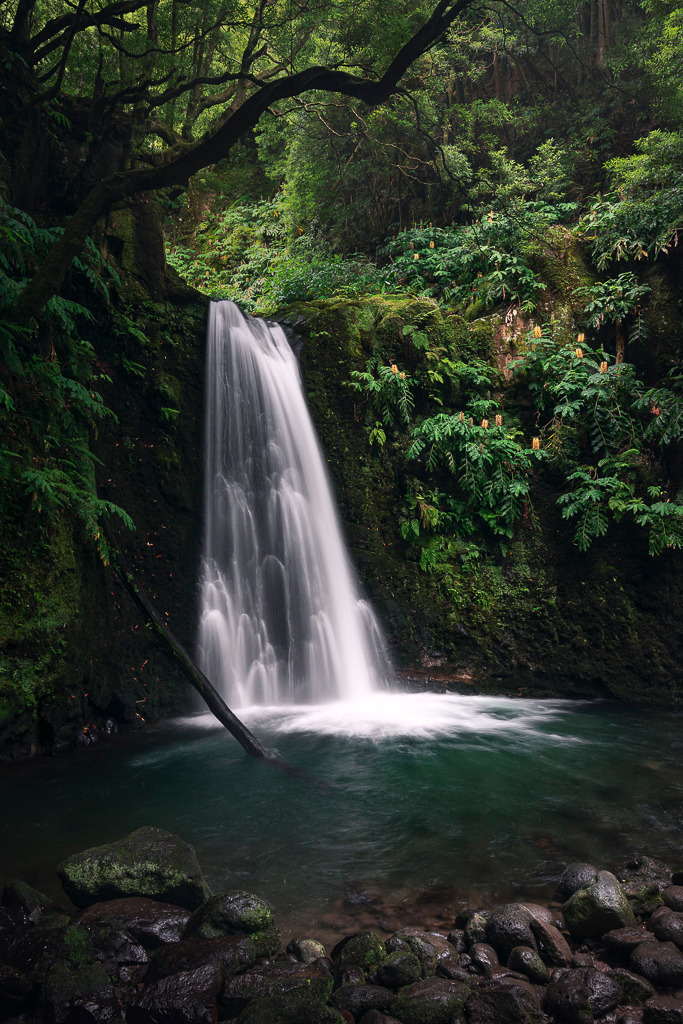 Versteckt im Dschungel – Salto do Prego auf São Miguel | Tief im grünen Dschungel von São Miguel liegt der Salto do Prego, eingebettet in eine wilde, moosige Kulisse. Umgeben von Farnen, Felsen und dichtem Blattwerk stürzt das Wasser in ein stilles, klares Becken. Nur das sanfte Rauschen durchbricht die Stille. Dieser Ort wirkt wie ein geheimnisvolles Paradies – ursprünglich, unberührt und voller Leben. - Realisiert mit Pictrs.com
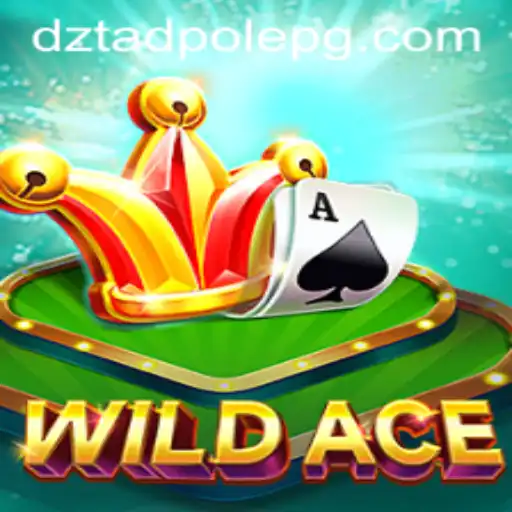 WildAce: Decifrando a Ação e Estratégia por Trás do Novo Jogo
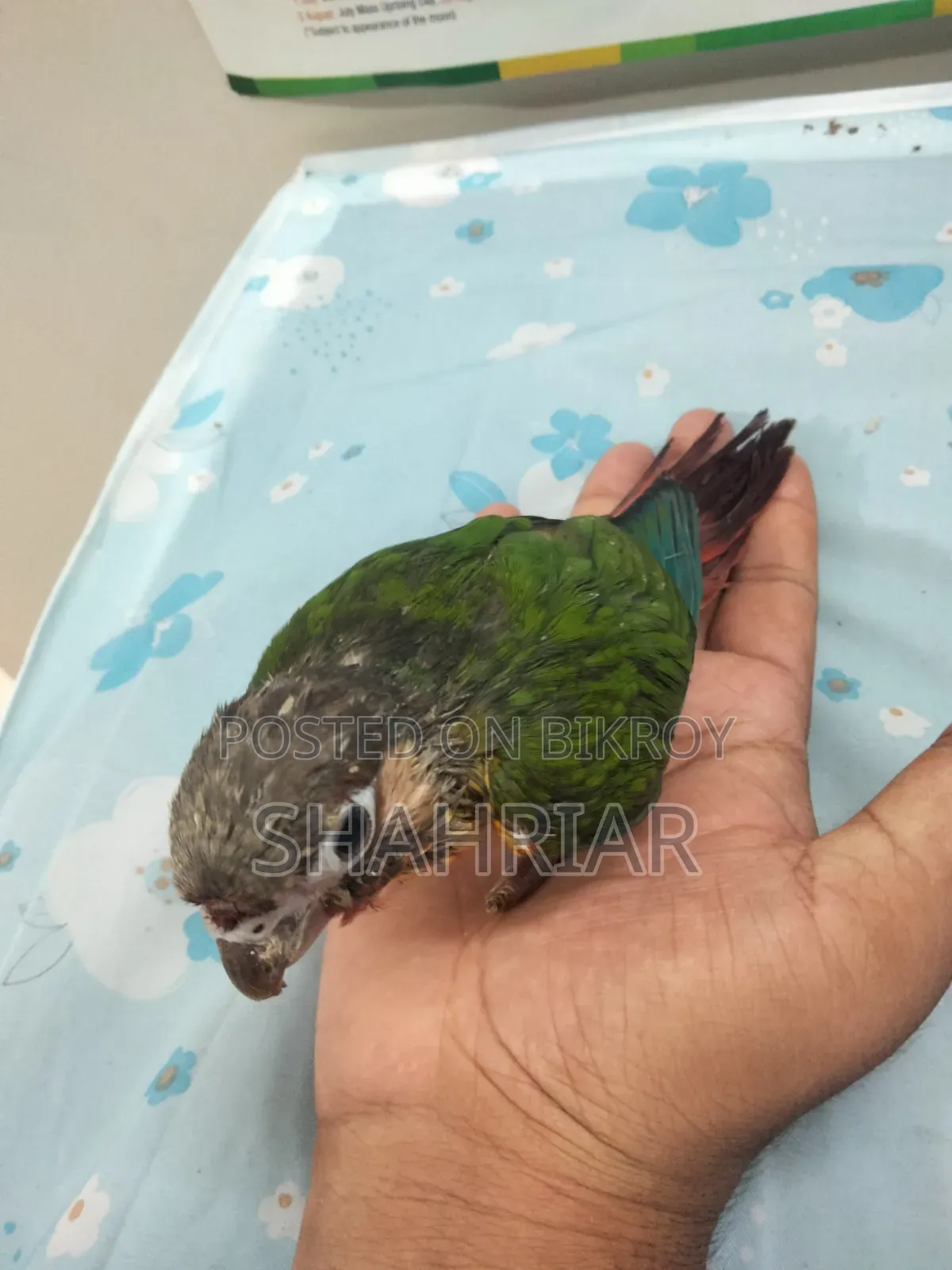 কনুর পাখি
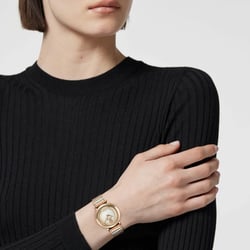 Женские часы Versace DELPHINUS Vre0o00325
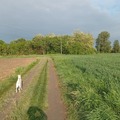 Csütörtök.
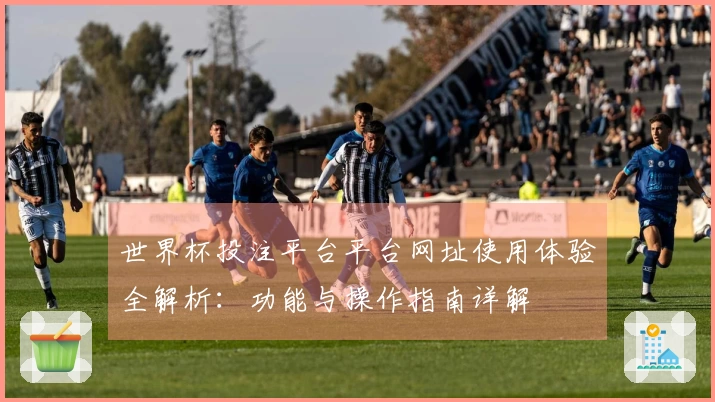 世界杯投注平台平台网址使用体验全解析：功能与操作指南详解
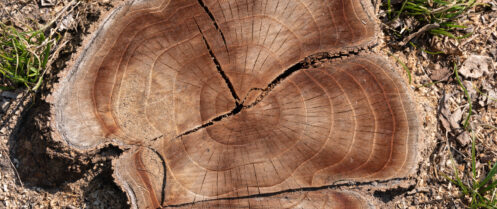 Beautiful stump in the garden. Old tree stump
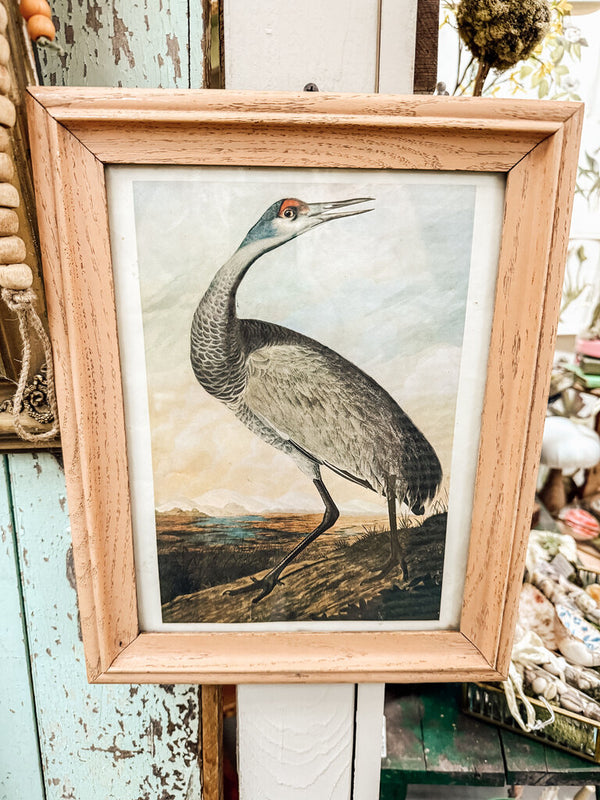 Framed red-shouldered hawk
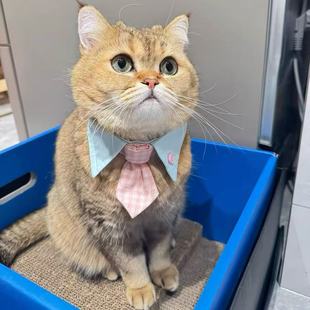 猫咪狗可爱围兜宠物蕾丝布艺口水巾手工编织拍照饰品围脖装 饰项圈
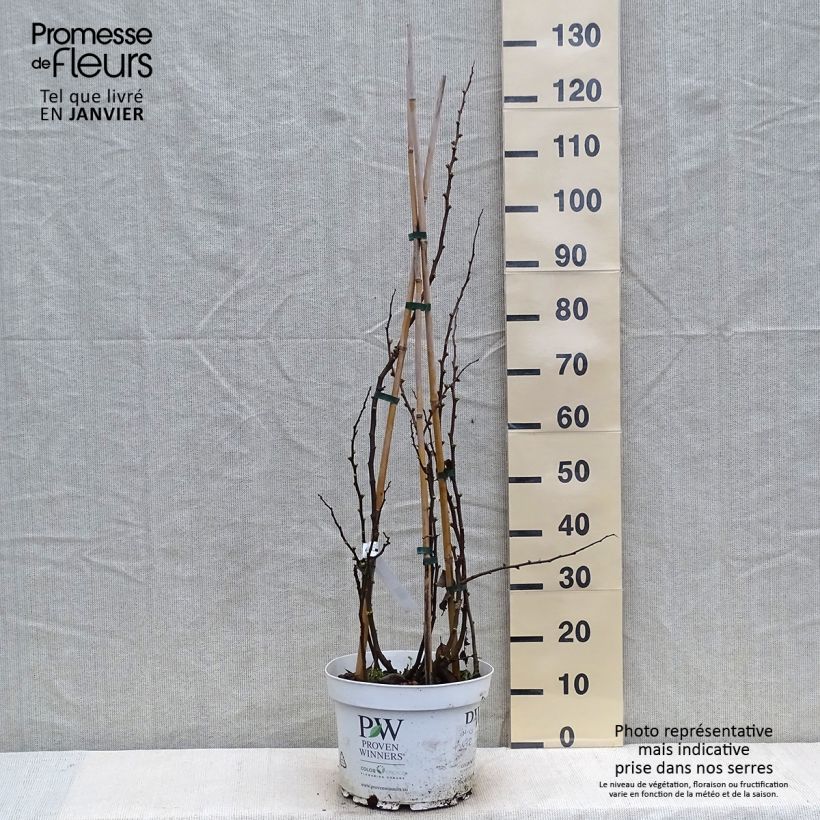 Membrillero del Japón Mango Storm - Chaenomeles speciosa Maceta 7,5L/10L Ejemplar entregado en invierno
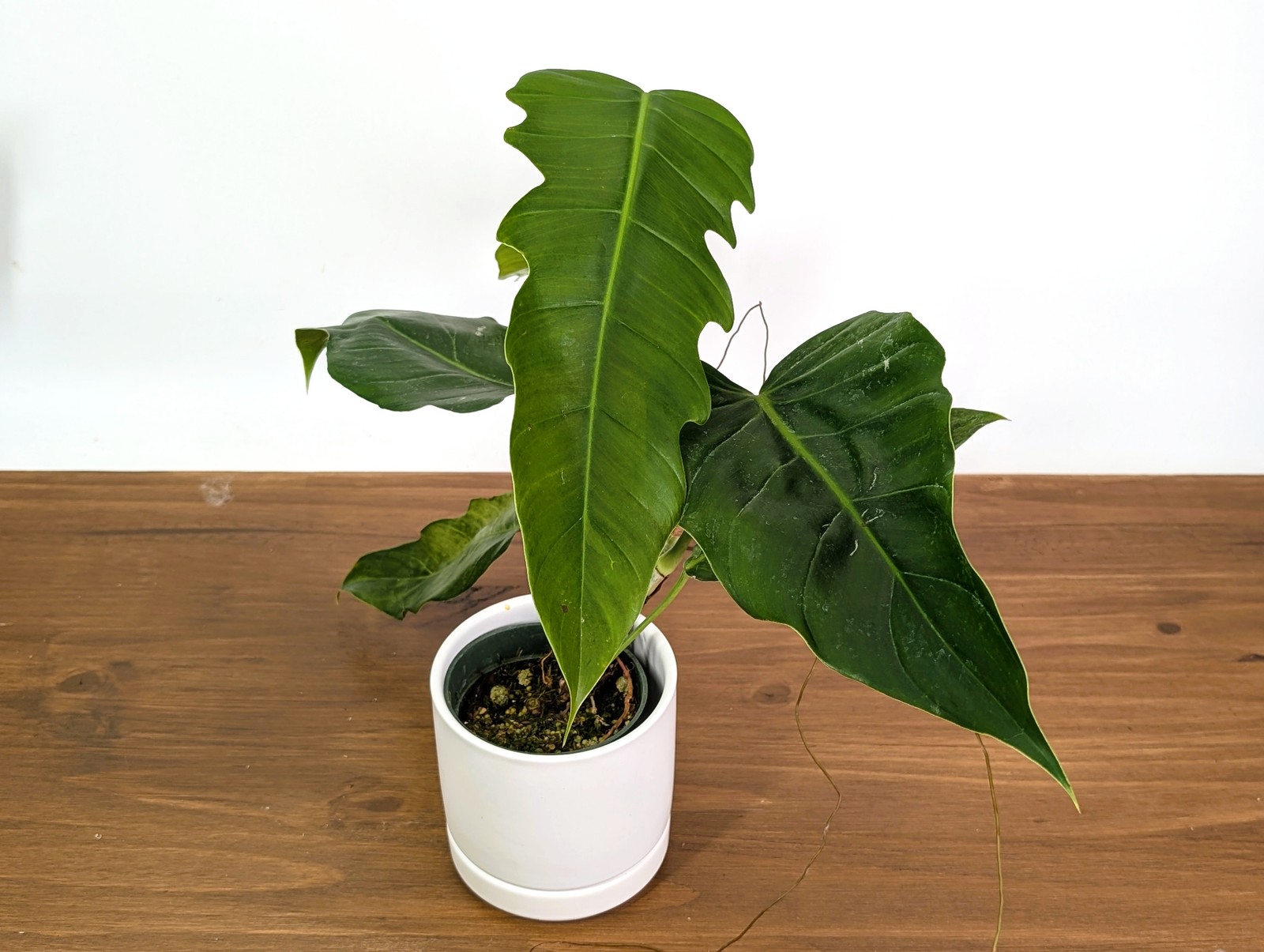 Philodendron Angel Eyes (Patriciae x Tortum) - US Seller 4\ Philodendron Angel Eyes (Patriciae x Tortum) - US Seller 4\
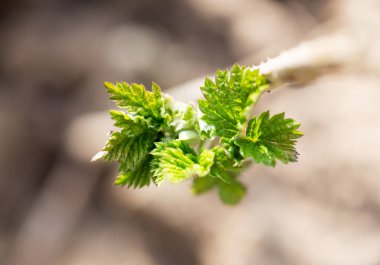 doğa genç Ahududu yaprakları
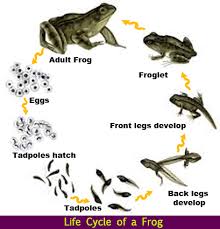 Jumping in circles to mark his territory; Life Cycle Of A Frog Quiz Frog S Life Cycle Quiz Animal Quizzes Trivia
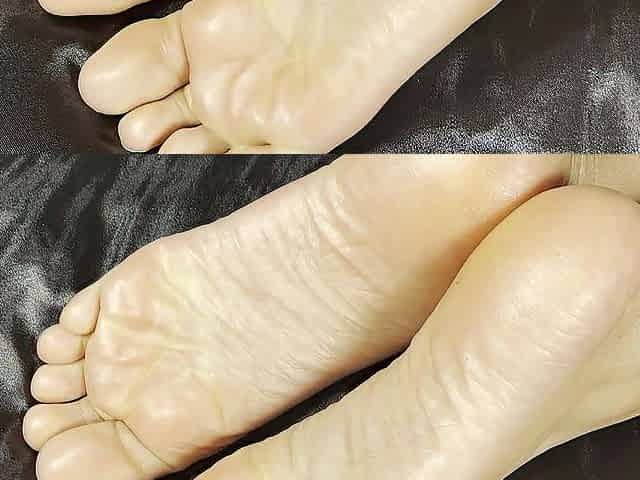 Pink Foxx's Succulent Soles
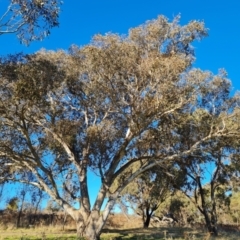 Eucalyptus blakelyi at Garran, ACT - 24 Jul 2023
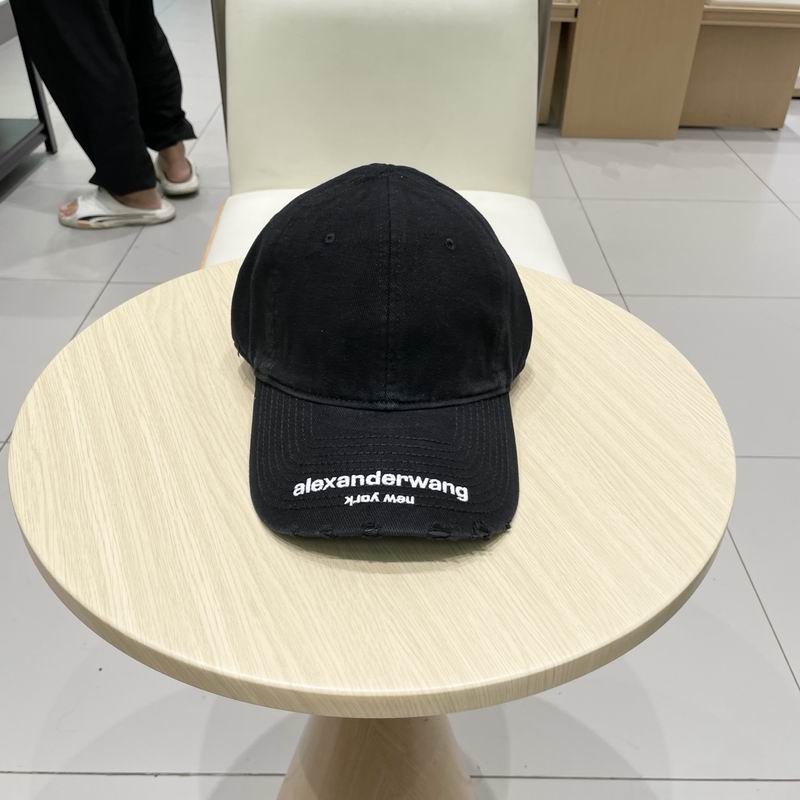 Alexander Wang cap (29)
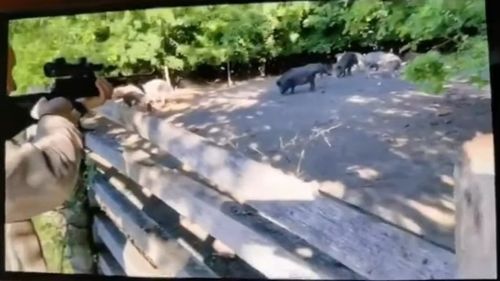 VIDEO Imagini revoltătoare: Igor Dodon, filmat în timp ce împușca porci mistreți aflați în captivitate într-un țarc, de la câțiva metri distanță, cu armă cu lunetă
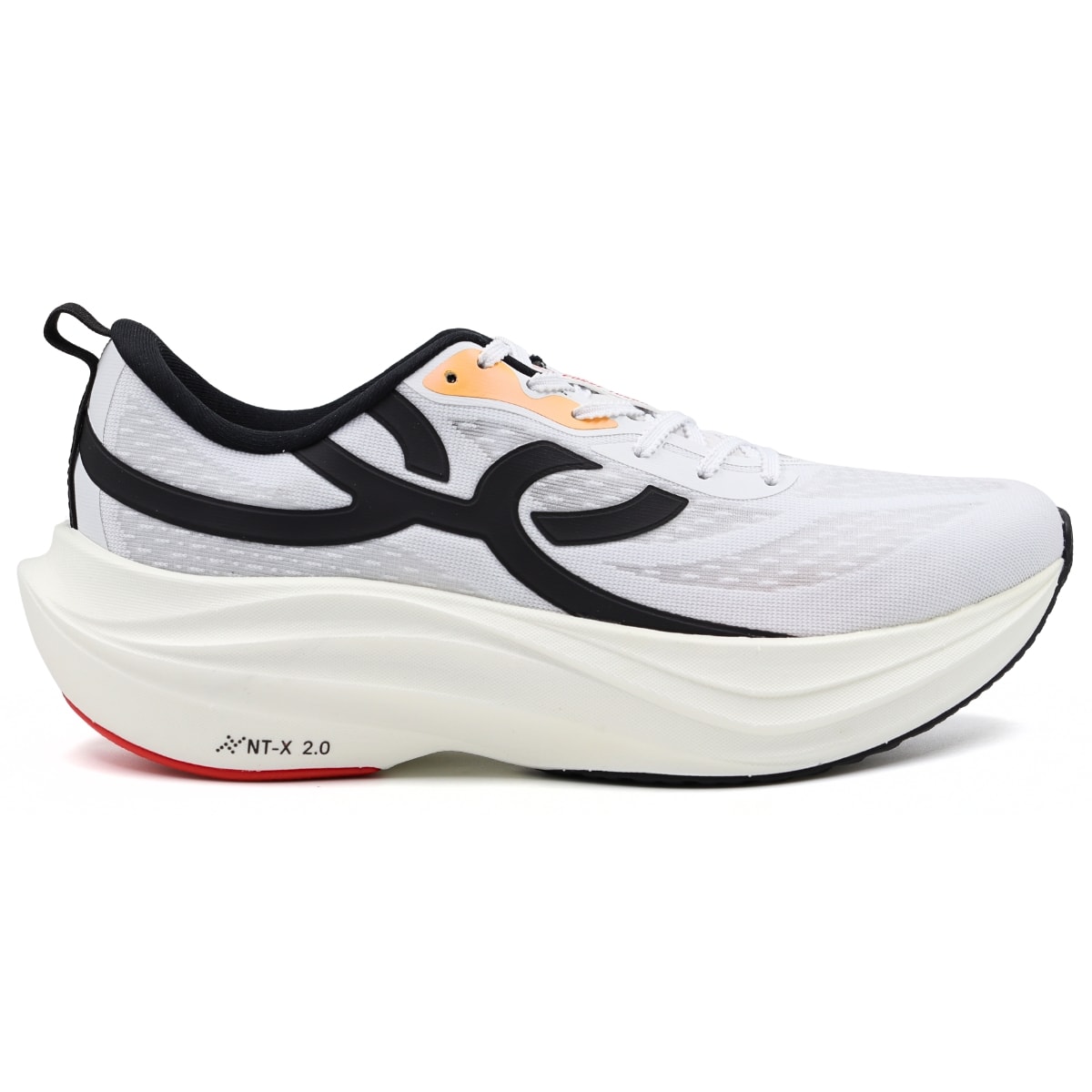 image_88a1eb38-c0ea-4972-aea1-8a7dcee09a3e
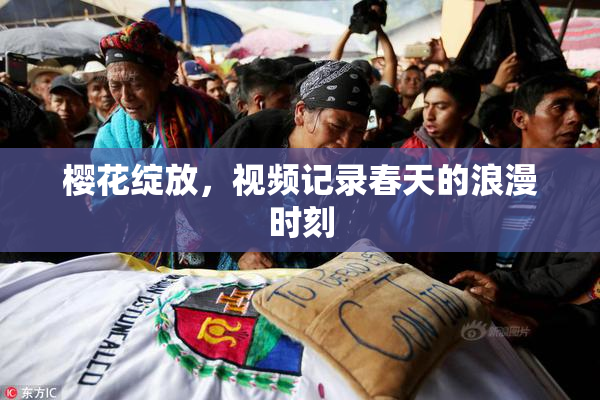 樱花绽放，视频记录春天的浪漫时刻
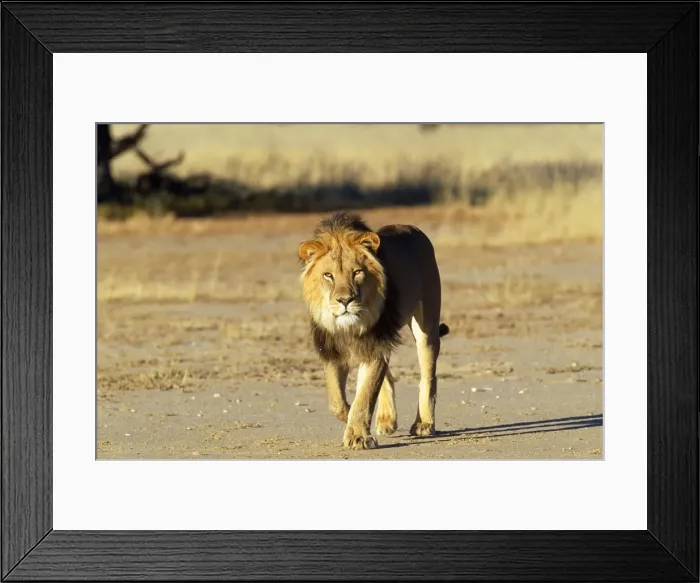 Framed Print : Lion Kalahari Gemsbok Park, South Africa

^^^^^^^^

Assigned task: Repeat the listing above up to and including the line with "Женские часы Versace DELPHINUS Vre0o00325", starting from its first line. Drop any pictures.

Solution to the problem:
 Versteckt im Dschungel – Salto do Prego auf São Miguel | Tief im grünen Dschungel von São Miguel liegt der Salto do Prego, eingebettet in eine wilde, moosige Kulisse. Umgeben von Farnen, Felsen und dichtem Blattwerk stürzt das Wasser in ein stilles, klares Becken. Nur das sanfte Rauschen durchbricht die Stille. Dieser Ort wirkt wie ein geheimnisvolles Paradies – ursprünglich, unberührt und voller Leben. - Realisiert mit Pictrs.com
 WildAce: Decifrando a Ação e Estratégia por Trás do Novo Jogo
 কনুর পাখি
 Женские часы Versace DELPHINUS Vre0o00325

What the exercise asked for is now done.